John
John Applied Research Scientist at MyCompany.

Face Detection

Face Detection

The model analyzed in this card detects one or more faces within an image or a video frame, and returns a box around each face along with the location of the faces’ major landmarks. The model’s goal is exclusively to identify the existence and location of faces in an image. It does not attempt to discover identities or demographics.

On this page, you can learn more about how well the model performs on images with different characteristics, including face demographics, and what kinds of images you should expect the model to perform well or poorly on.

MODEL DESCRIPTION

face-detection

Input: Photo(s) or video(s)

Output: For each face detected in a photo or video, the model outputs:

  • Bounding box coordinates
  • Facial landmarks (up to 34 per face)
  • Facial orientation (roll, pan, and tilt angles)
  • Detection and landmarking confidence scores.
  • No identity or demographic information is detected.

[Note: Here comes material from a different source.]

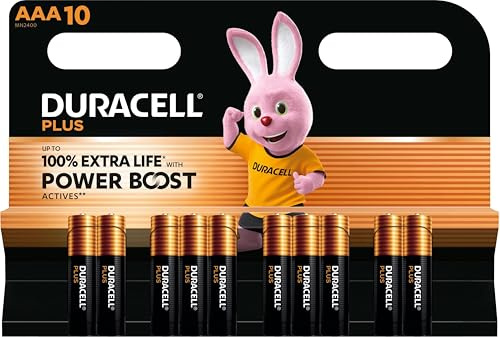 10X Duracell AAA Plus Power Boost Bis zu 100% zusätzliche Lebensdauer (1 Blister mit 10 Batterien) 10 AAA Batterien (LR03/MN2400)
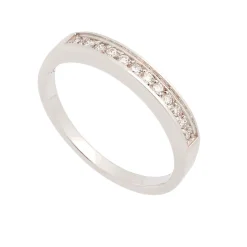 Media alianza fina de oro blanco y diamantes - 1114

Model architecture: MobileNet CNN fine-tuned for face detection with a single shot multibox detector.

PERFORMANCE

Overall model performance, and performance sliced by different image and face characteristics, were assessed, including:

  • Derived characteristics (face size, facial orientation, and occlusion)
  • Face demographics (human-perceived gender presentation, age, and skin tone)

Overall performance measured with Precision-Recall (PR) values and Area Under the PR Curve (PR-AUC) - standard metrics for evaluating computer vision classifiers. Download raw performance results data here.

Disaggregated performance measured with Recall, which captures how often the model misses faces with specific characteristics. Equal recall across subgroups corresponds to the “Equality of Opportunity”fairness criterion.

Performance evaluated on: Three research benchmarks distinct from the training set:

  • A subset of Open Images
  • Face Detection Data Set and Benchmark
  • Labeled Faces in the Wild